FDA Clears Zephyr Endobronchial Valve to Treat Severe Emphysema

Megan Brooks

Disclosures

June 29, 2018

The US Food and Drug Administration (FDA) has approved the Zephyr Endobronchial Valve (Pulmonx Corp) to treat breathing difficulty associated with severe emphysema.

"Treatment options are limited for people with emphysema who have severe symptoms that have not improved from taking medicines. These have included lung surgery, such as lung volume reduction or lung transplants, which may not be suitable or appropriate for all patients. This novel device is a less invasive treatment that expands the options available to patients," Tina Kiang, PhD, acting director, Division of Anesthesiology, General Hospital, Respiratory, Infection Control and Dental Devices, in the FDA's Center for Devices and Radiological Health, said in a news release.

The Zephyr valve is the first minimally invasive device approved in the United States for the treatment of patients with severe emphysema, the company noted in a news release.

During a bronchoscopic procedure, Zephyr valves are placed in the airways to occlude a diseased part of the lungs and reduce hyperinflation, allowing the healthier parts of the lungs to take in more air and work more effectively, the company explained. The valves are designed to be permanent but can be removed if necessary.

The safety and effectiveness of the Zephyr valve were evaluated in the LIBERATE study, a multicenter randomized controlled trial that included 190 patients with severe emphysema for whom there was little to no collateral ventilation in the target lobe of the lung.

In the study, 128 patients were treated with Zephyr valves, guideline-based medical management (bronchodilators, corticosteroids, antibiotics, or anti-inflammatory maintenance medications), and pulmonary rehabilitation; 62 patients (the control group) received medical management only.

At 1 year, significantly more of the patients who were treated with Zephyr valves experienced at least a 15% improvement in forced expiratory volume in 1 second, the primary endpoint (47.7% vs 16.8%; P < .001).

Patients treated with Zephyr valves also experienced a statistically significant reduction in the rate of respiratory failure. In addition, there was a trend toward a reduction in hospitalization for chronic obstructive pulmonary disease (COPD) compared to patients who received medical management alone.

The most common side effect associated Zephyr valve treatment was pneumothorax, which occurred in roughly one third of patients. No intervention was required in about 20% of the incidents; the majority of the rest of such cases were addressed with standard medical management. Other side effects, which occurred less frequently, included COPD exacerbation, pneumonia, respiratory failure, and death.

Findings from the LIBERATE study were published May 22 in the American Journal of Respiratory and Critical Care Medicine to coincide with presentation at the American Thoracic Society 2018 International Conference.
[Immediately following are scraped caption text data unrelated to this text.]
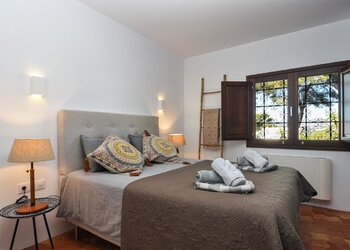 Top Vakantiehuizen | Bed and Breakfast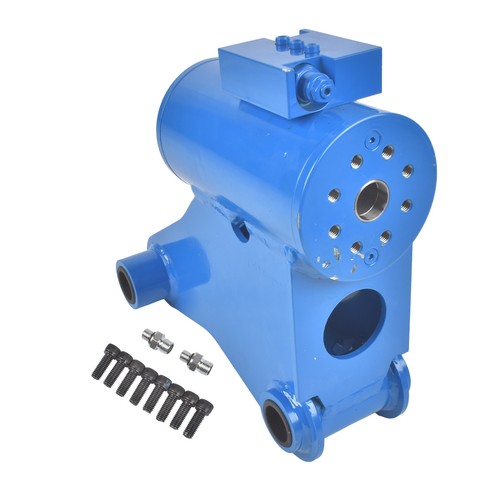 94397gt platform rotator for - 94397gt,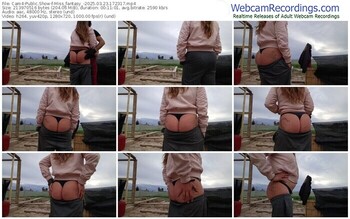 cam4-miss_fantasy_-03-23-2025-17-23-17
"Zephyr Valves are a major step forward in treating severe emphysema patients who consistently feel short of breath despite all the medications we can offer," the study's lead investigator, Gerard Criner, MD, chair and professor of thoracic medicine and surgery, Lewis Katz School of Medicine at Temple University, Philadelphia, Pennsylvania, said in the news release.
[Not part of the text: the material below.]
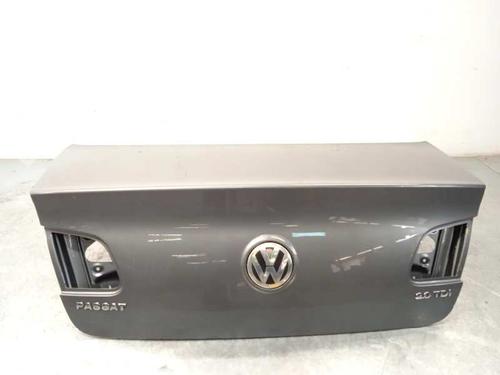 Used Tailgate VW PASSAT B6 (3C2) 2.0 TDI 16V (140 hp) 11957278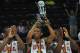 Image via USABasketball.com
"I have seen Zephyr Valve–treated patients getting back to a more active life doing the things they enjoy. As a physician, it is very gratifying to have a new treatment that can restore a patient's confidence and change their life for the long term," said Criner.
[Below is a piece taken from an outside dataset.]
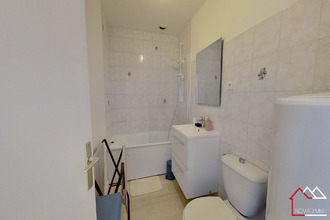 location appartement nancy 54000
The Zephyr valve is contraindicated in patients with active lung infections; those who are allergic to nitinol, nickel, titanium, or silicone; active smokers; and those who are not able to tolerate the bronchoscopic procedure.

The Zephyr valve received breakthrough device designation and was approved through a premarket approval application, which is the most stringent type of device marketing application and is generally required for high-risk devices.

Since 2007, more than 14,000 patients have been treated with the Zephyr valve worldwide, the company said.